YOUR TASK — Pictures must not appear in the copy. Restate exactly the lines below from the one with "IMPOREXP SONNY SL (Spain) Page visits 2024" through the one with "22, CROSSWAYS, BIDDULPH, STOKE-ON-TRENT, ST8", inclusive.

MATERIAL SUPPLIED —

------------------------------------------------

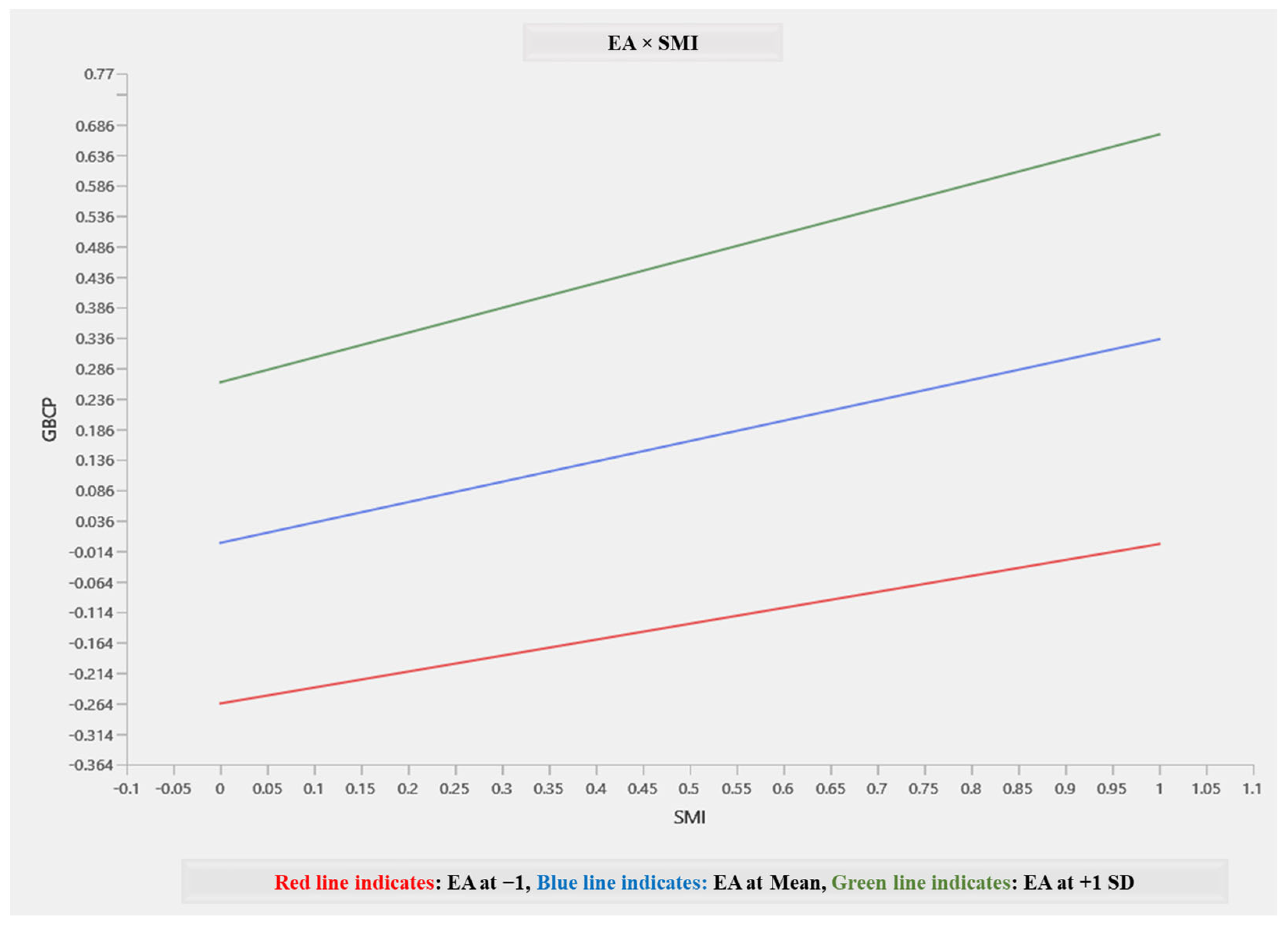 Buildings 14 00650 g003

------------------------------------------------

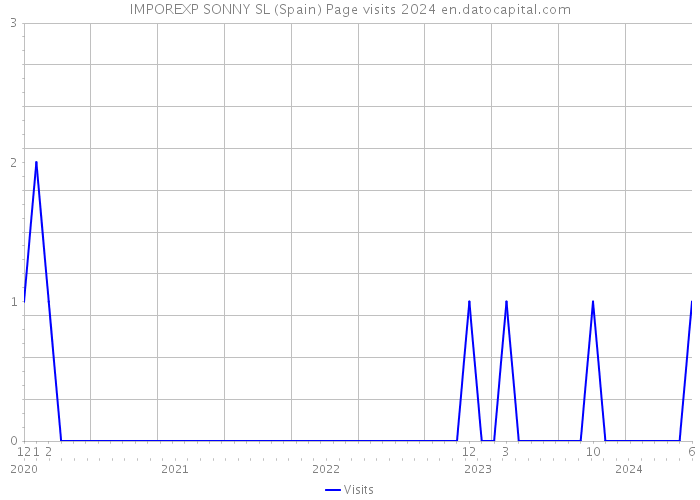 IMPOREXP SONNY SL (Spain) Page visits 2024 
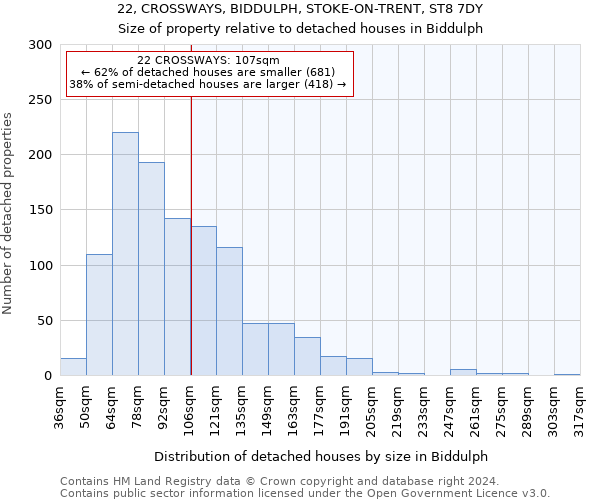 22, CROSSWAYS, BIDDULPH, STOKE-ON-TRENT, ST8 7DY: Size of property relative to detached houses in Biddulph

------------------------------------------------

SOLUTION FOR THIS PROBLEM —
 IMPOREXP SONNY SL (Spain) Page visits 2024 
 22, CROSSWAYS, BIDDULPH, STOKE-ON-TRENT, ST8 7DY: Size of property relative to detached houses in Biddulph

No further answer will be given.